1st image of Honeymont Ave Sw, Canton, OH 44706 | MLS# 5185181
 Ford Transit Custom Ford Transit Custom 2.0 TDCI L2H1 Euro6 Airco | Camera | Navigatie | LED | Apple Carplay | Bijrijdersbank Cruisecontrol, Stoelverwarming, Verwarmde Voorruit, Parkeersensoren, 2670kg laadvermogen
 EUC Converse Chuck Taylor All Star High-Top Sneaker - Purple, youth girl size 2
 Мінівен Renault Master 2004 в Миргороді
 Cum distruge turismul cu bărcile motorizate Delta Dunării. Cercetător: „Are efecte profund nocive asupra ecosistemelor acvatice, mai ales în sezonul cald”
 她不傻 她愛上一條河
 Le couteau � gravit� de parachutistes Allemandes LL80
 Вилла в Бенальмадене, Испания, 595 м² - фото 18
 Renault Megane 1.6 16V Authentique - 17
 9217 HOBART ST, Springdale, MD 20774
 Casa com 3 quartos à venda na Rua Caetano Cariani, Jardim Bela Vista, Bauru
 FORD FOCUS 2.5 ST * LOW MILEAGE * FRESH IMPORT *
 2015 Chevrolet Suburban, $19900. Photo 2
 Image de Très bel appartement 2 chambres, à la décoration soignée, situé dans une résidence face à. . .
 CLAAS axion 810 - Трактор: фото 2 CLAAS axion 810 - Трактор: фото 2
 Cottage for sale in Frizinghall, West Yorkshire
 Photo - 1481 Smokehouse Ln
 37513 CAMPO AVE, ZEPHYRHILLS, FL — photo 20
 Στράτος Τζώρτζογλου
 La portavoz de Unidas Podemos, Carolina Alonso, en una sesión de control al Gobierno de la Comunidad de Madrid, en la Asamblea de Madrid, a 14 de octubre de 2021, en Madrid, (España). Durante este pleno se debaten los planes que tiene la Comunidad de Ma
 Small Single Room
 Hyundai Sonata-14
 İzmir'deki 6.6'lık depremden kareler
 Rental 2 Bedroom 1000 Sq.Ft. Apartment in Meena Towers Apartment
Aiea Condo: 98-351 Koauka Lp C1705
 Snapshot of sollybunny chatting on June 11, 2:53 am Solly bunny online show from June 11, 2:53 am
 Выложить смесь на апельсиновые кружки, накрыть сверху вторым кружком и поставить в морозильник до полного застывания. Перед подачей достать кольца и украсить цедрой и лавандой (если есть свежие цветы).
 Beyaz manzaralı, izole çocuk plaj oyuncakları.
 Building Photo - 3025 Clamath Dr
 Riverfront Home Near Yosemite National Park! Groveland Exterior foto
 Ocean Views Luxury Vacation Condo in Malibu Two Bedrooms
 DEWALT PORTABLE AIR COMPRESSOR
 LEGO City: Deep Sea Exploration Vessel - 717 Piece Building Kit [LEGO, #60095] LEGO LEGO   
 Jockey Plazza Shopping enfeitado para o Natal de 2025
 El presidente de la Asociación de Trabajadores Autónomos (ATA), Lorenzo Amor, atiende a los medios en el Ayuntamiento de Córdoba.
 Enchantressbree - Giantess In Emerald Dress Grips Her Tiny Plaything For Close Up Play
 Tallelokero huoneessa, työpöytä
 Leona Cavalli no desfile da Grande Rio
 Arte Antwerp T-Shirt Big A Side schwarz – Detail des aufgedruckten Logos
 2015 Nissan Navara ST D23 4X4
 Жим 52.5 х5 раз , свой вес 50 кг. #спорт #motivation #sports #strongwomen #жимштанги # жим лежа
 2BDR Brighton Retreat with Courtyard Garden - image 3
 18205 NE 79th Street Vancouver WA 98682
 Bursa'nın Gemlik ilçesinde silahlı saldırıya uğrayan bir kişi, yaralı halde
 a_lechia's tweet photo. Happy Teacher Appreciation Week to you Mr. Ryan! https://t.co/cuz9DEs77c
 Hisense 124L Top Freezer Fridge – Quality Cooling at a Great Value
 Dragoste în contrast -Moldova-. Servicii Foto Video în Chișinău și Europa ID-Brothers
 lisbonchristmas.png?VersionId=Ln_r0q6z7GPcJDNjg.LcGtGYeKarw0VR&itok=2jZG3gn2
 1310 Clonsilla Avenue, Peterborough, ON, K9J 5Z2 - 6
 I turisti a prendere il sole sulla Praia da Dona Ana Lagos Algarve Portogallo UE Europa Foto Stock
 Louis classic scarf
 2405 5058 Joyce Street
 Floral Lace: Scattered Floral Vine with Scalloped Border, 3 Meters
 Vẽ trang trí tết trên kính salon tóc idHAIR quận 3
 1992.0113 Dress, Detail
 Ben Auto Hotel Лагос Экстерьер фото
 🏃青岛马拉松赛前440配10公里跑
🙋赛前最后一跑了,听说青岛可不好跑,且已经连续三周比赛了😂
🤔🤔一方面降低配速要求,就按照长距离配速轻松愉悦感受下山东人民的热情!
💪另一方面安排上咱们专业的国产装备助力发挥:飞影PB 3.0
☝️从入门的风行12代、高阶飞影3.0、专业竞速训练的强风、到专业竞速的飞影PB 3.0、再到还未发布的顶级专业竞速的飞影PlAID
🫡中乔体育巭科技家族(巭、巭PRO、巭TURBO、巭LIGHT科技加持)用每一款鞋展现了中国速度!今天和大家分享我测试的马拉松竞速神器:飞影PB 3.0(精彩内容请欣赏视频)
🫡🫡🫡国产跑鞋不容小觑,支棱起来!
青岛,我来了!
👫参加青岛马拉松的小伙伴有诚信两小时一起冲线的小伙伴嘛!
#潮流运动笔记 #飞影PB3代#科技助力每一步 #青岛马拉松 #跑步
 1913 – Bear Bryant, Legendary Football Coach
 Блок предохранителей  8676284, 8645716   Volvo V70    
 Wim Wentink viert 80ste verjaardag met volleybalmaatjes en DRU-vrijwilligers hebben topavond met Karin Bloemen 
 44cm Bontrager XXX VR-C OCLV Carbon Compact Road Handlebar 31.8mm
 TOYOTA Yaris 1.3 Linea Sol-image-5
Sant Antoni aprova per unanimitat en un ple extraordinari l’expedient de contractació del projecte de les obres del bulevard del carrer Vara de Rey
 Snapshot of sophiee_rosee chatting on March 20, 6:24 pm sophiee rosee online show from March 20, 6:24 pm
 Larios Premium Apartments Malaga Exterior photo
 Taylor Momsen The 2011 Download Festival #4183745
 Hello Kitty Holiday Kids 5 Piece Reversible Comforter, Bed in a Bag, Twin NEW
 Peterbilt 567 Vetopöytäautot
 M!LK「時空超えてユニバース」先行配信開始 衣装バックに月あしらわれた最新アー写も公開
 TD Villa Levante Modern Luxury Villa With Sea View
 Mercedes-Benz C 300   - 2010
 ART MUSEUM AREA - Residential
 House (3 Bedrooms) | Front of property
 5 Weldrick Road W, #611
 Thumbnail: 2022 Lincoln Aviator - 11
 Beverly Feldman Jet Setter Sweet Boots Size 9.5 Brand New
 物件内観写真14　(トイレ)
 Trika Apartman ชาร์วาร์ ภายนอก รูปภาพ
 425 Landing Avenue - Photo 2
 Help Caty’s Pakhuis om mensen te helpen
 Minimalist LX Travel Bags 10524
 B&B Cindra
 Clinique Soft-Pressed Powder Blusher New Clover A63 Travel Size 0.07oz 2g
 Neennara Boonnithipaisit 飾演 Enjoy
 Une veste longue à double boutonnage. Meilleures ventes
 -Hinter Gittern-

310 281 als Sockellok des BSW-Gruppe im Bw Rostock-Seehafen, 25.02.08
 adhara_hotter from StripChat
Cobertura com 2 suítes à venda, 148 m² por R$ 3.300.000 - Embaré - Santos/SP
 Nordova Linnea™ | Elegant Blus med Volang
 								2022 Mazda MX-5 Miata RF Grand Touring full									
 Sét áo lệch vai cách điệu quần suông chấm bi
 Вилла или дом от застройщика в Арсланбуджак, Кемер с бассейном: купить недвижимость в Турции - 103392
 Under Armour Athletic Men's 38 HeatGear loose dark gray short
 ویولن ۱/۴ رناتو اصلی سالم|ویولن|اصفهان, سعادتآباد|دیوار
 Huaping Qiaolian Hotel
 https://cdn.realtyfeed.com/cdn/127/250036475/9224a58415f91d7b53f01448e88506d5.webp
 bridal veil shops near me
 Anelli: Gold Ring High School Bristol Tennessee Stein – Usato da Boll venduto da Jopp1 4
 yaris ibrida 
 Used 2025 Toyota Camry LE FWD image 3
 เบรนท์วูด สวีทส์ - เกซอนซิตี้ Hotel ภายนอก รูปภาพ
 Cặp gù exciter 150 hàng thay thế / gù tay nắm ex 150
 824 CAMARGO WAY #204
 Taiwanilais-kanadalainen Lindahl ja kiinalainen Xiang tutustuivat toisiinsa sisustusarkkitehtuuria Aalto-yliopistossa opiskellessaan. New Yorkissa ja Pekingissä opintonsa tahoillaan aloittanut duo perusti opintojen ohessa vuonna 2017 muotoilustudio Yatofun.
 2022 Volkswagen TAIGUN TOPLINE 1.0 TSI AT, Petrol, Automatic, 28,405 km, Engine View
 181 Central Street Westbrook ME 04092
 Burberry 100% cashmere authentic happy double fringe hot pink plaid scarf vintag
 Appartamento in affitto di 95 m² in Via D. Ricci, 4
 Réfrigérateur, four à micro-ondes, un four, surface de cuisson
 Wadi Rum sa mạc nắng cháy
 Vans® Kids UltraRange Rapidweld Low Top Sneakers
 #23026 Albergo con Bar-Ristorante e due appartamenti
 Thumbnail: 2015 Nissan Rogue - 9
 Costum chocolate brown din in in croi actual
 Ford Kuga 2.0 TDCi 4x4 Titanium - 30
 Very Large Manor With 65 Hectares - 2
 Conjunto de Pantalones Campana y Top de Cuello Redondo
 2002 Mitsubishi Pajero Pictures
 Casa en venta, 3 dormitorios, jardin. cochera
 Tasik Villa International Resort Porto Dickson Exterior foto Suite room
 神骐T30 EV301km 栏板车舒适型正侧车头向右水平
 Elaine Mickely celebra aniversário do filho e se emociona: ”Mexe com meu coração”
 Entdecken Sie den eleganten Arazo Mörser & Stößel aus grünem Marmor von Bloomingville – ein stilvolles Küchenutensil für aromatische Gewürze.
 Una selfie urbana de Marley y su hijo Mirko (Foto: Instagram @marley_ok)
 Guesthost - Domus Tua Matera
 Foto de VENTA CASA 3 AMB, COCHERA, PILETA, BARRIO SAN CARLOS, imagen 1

WHAT THE TASK REQUIRES: Lines with the word "Avenue": copy each one from the data above.

RESULT OF THIS EXERCISE:
 1310 Clonsilla Avenue, Peterborough, ON, K9J 5Z2 - 6
 425 Landing Avenue - Photo 2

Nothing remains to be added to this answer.